Can precision and recall metrics work without a ground truth?
This explores whether you can judge retrieval quality — precision (are the returned answers right?) and recall (did you find all the right ones?) — when you have no answer key to check against.
This explores whether precision and recall can survive without ground truth — the labeled "correct answers" those metrics normally compare against. The corpus doesn't tackle the metric definition head-on, but it's full of systems facing exactly this bind: they need to know whether an output is good, in a setting where nobody has told them what "good" is. The recurring move is to replace the missing answer key with internal signals the system can generate for itself.
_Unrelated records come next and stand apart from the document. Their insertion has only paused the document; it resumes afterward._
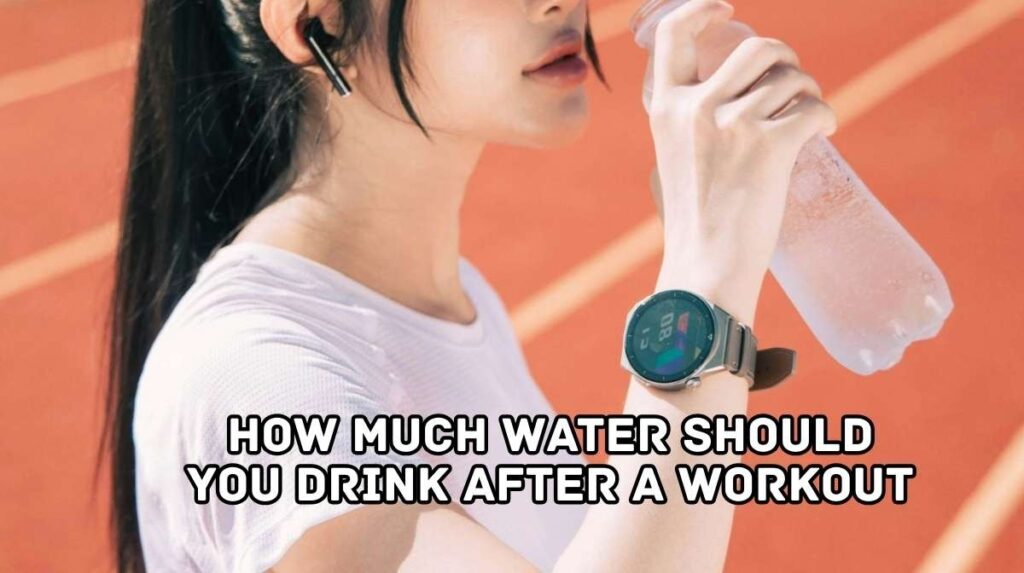 how much water should you drink after a workout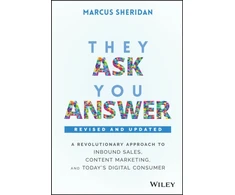 KNYGA Marcus Sheridan They Ask, You Answer, A Revolutionary Approach to Inbound Sales, Content Marketing, and Today's Digital Consumer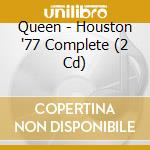 Queen - Houston '77 Complete (2 Cd) cd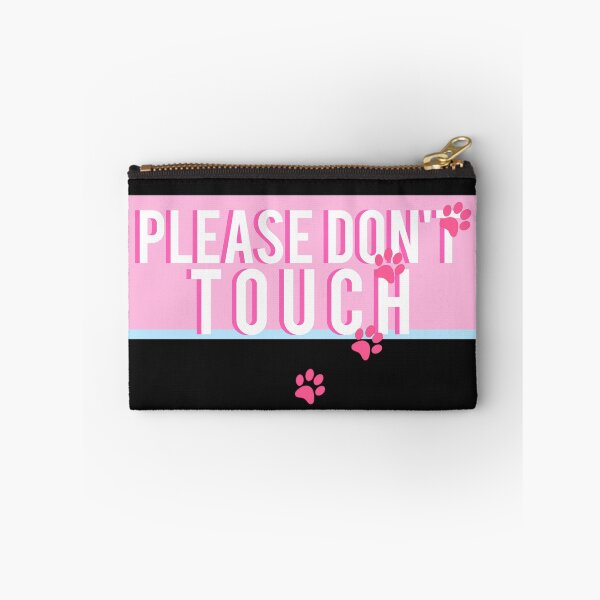 Item preview, please do not touch please do not touch designed and sold by horstdesigns.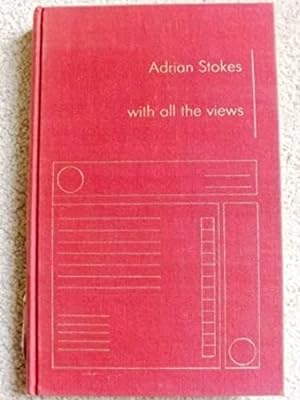Adrian Stokes: With All the Views - Collected Poems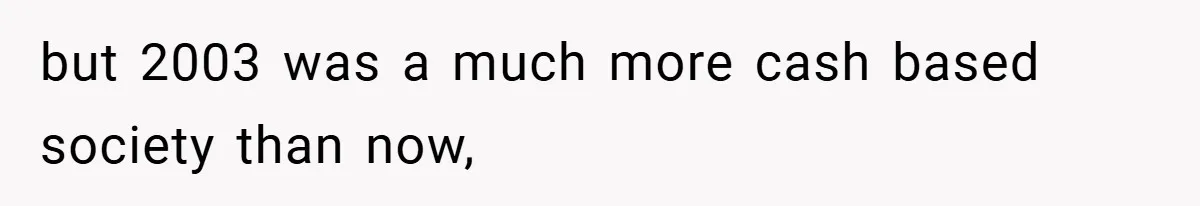 but 2003 was a much more cash based society than now,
The most direct substitute is the model's own uncertainty. Calibrated token-probability uncertainty turns out to beat more elaborate retrieval heuristics at deciding when an answer is trustworthy enough to keep Can simple uncertainty estimates beat complex adaptive retrieval?. Confidence can be read even more finely: scoring each reasoning step locally catches breakdowns that a single averaged-confidence number hides entirely Does step-level confidence outperform global averaging for trace filtering?. In both cases the system is approximating "is this likely correct?" without ever seeing the correct answer — a stand-in for precision built from self-knowledge rather than labels.
A second family swaps the answer key for a verification gate. Bidirectional RAG only lets a generated answer back into its corpus if it survives entailment checks, source attribution, and novelty detection — effectively a precision filter with no ground truth, just consistency tests Can RAG systems safely learn from their own generated answers?. A learned verifier operating on token-token similarity maps can reject "structural near-misses" that look like matches but aren't, separating real hits from lookalikes without a gold label Can verification separate structural near-misses from topical matches?. And agent-based evaluation that actively collects evidence cuts judging error a hundredfold over a plain LLM judge — though its memory module cascaded errors, a reminder that proxy evaluators have their own failure modes Can agents evaluate AI outputs more reliably than language models?. The cleanest fallback of all is refusal: when sources are too noisy to trust, grounded generation simply declines to answer, trading recall for precision you can actually defend Can RAG systems refuse to answer without reliable evidence?.
But the corpus also delivers the warning that makes this question worth asking. Proxy metrics built without ground truth can be confidently, invisibly wrong. Aggregate accuracy masks fluent confident errors that concentrate exactly in the rare, high-harm cases — the metric looks healthy while the dangerous failures hide inside it Why do confident wrong answers hide in standard accuracy metrics?. Worse, the self-signals can be hollow: a model run at zero temperature returns the same answer every time, but that consistency is just one fixed draw from its distribution, not evidence the answer is right Does setting temperature to zero actually make LLM outputs reliable?.
So the honest answer the corpus points to: yes, you can build precision-and-recall-like signals without ground truth — from uncertainty, step-level confidence, entailment gates, and verifiers — but every one of them measures internal consistency, not truth. They're proxies for the answer key, and a proxy can agree with itself while being wrong. The thing you didn't know you wanted to know is that the danger isn't the missing ground truth; it's how convincingly a confidence-based metric can fake having one.
Sources 8 notes
Calibrated token-probability uncertainty consistently beats multi-call adaptive retrieval on single-hop tasks and matches performance on multi-hop, using a fraction of the LM and retriever calls. The model's self-knowledge proves more reliable than external heuristics for deciding when to retrieve.
Local step-level confidence catches reasoning breakdowns that global averaging masks and enables early stopping before traces complete. This approach achieves comparable accuracy gains to naive majority voting with far fewer generated traces, proving trace quality matters more than quantity.
Systems can add generated answers to their retrieval corpus when outputs pass entailment verification, source attribution checks, and novelty detection. This prevents hallucinations from polluting future retrievals while allowing genuine knowledge accumulation.
A two-stage pipeline—pooled-cosine recall followed by a small Transformer verifier operating on token-token similarity maps—reliably rejects structural near-misses that MaxSim-style late interaction cannot. The verifier succeeds because it operates on full token interaction patterns rather than compressed vectors.
Eight-module agentic evaluation achieved 0.27% judge shift versus 31% for LLM-as-a-Judge on complex tasks. However, the memory module cascaded errors, revealing that agentic systems need error isolation mechanisms to maintain gains.
A multilingual RAG system for noisy historical newspapers succeeds by aggressively expanding retrieval while constraining generation to only grounded answers. The grounded-refusal prompt prevents hallucination when OCR errors and language drift degrade source quality, trading coverage for integrity.
Medical triage, legal interpretation, and financial planning show a consistent pattern: surface heuristics conflict with unstated constraints, producing fluent confident errors that concentrate in rare cases where harm occurs. Aggregate accuracy masks these failures because overall performance looks strong.
Fixed seeds and zero temperature replicate the same output repeatedly, but that output remains one draw from the model's probability distribution. McDonald's omega testing across 100 repetitions reveals that consistency does not equal reliability.